Start of PROVIDED DATA
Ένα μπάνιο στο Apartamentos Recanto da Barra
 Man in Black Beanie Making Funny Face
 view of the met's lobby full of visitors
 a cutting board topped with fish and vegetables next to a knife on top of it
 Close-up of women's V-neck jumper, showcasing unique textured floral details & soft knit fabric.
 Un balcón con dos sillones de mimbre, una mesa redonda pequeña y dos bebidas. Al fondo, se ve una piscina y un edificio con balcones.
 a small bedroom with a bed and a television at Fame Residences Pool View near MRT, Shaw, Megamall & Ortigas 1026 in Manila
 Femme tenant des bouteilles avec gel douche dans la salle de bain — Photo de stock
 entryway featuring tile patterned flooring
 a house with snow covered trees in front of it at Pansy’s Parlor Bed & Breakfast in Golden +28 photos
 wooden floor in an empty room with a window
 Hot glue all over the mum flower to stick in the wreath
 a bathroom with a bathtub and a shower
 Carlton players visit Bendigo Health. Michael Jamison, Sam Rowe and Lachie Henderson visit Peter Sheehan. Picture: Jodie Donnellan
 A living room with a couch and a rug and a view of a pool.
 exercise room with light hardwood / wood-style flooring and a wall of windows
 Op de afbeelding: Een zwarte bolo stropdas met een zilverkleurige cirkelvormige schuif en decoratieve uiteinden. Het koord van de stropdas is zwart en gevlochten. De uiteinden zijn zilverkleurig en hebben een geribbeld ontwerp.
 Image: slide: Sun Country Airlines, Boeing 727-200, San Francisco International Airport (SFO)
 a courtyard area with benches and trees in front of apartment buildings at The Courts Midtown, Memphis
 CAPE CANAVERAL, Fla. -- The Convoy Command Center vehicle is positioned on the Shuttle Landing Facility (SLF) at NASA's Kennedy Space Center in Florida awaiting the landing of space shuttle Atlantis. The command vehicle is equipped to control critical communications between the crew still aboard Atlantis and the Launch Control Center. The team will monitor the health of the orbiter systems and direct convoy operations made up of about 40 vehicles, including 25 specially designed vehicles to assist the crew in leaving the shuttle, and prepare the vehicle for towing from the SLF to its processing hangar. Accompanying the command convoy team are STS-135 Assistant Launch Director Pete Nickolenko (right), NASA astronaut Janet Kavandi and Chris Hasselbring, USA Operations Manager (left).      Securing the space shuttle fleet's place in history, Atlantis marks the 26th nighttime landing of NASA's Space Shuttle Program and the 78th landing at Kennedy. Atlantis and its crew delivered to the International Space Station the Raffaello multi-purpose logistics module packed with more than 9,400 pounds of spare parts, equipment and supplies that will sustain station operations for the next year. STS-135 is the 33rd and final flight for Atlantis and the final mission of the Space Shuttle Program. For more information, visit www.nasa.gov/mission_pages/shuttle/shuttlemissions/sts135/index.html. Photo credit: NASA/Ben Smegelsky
End of PROVIDED DATA
TO DO:
Only lines containing the word "front" should appear in the answer, and every such line from the records above must be there.

OUTPUT FOR THIS EXERCISE:
 a house with snow covered trees in front of it at Pansy’s Parlor Bed & Breakfast in Golden +28 photos
 a courtyard area with benches and trees in front of apartment buildings at The Courts Midtown, Memphis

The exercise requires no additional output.